Mitrega Katarzyna, Lip Gregory Y H, Sredniawa Beata, Sokal Adam, Streb Witold, Przyludzki Karol, Zdrojewski Tomasz, Wierucki Lukasz, Rutkowski Marcin, Bandosz Piotr, Kazmierczak Jaroslaw, Grodzicki Tomasz, Opolski Grzegorz, Kalarus Zbigniew
Department of Cardiology, Silesian Centre of Heart Diseases, 41-800 Zabrze, Poland.
Liverpool Centre for Cardiovascular Science, University of Liverpool and Liverpool Heart & Chest Hospital, Liverpool 14 3PE, UK.
J Clin Med. 2021 May 26;10(11):2321. doi: 10.3390/jcm10112321.
Silent atrial fibrillation (SAF) is common and is associated with poor outcomes.
to study the risk factors for AF and SAF in the elderly (≥65 years) general population and to develop a risk stratification model for predicting SAF.
Continuous ECG monitoring was performed for up to 30 days using a vest-based system in a cohort from NOMED-AF, a cross-sectional study based on a nationwide population sample. The independent risk factors for AF and SAF were determined using multiple logistic regression. ROC analysis was applied to validate the developed risk stratification score.

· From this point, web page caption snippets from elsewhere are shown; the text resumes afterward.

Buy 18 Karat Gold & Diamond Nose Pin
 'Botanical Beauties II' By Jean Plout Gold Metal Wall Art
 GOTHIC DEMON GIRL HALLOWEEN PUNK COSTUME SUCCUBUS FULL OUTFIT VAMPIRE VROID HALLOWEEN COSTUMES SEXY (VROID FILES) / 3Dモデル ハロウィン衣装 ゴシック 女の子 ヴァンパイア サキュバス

From the total cohort of 3014 subjects, AF was diagnosed in 680 individuals (mean age, 77.5 ± 7.9; 50.1% men) with AF, and, of these, 41% had SAF. Independent associations with an increased risk of AF were age, male gender, coronary heart disease, thyroid diseases, prior ischemic stroke or transient ischemic attack (ICS/TIA), diabetes, heart failure, chronic kidney disease (CKD), obesity, and NT-proBNP >125 ng/mL. The risk factors for SAF were age, male gender, ICS/TIA, diabetes, heart failure, CKD, and NT-proBNP >125 ng/mL. We developed a clinical risk scale (MR-DASH score) that achieved a good level of prediction in the derivation cohort (AUC 0.726) and the validation cohort (AUC 0.730).
SAF is associated with various clinical risk factors in a population sample of individuals ≥65 years. Stratifying individuals from the general population according to their risk for SAF may be possible using the MR-DASH score, facilitating targeted screening programs of individuals with a high risk of SAF.
隐匿性心房颤动(SAF)很常见,且与不良预后相关。
研究老年(≥65岁)普通人群中房颤和SAF的危险因素,并建立预测SAF的风险分层模型。
在一项基于全国人口样本的横断面研究NOMED-AF的队列中,使用基于背心的系统进行长达30天的连续心电图监测。使用多因素逻辑回归确定房颤和SAF的独立危险因素。应用ROC分析验证所建立的风险分层评分。
在3014名受试者的总队列中,680人(平均年龄77.5±7.9岁;50.1%为男性)被诊断为房颤,其中41%患有SAF。与房颤风险增加独立相关的因素有年龄、男性、冠心病、甲状腺疾病、既往缺血性中风或短暂性脑缺血发作(ICS/TIA)、糖尿病、心力衰竭、慢性肾脏病(CKD)、肥胖以及NT-proBNP>125 ng/mL。SAF的危险因素有年龄、男性、ICS/TIA、糖尿病、心力衰竭、CKD以及NT-proBNP>125 ng/mL。我们建立了一个临床风险量表(MR-DASH评分),该量表在推导队列(AUC 0.726)和验证队列(AUC 0.730)中均达到了良好的预测水平。
在≥65岁个体的人群样本中,SAF与多种临床危险因素相关。使用MR-DASH评分可能对普通人群中的个体根据其SAF风险进行分层,从而有助于对SAF高风险个体开展针对性筛查项目。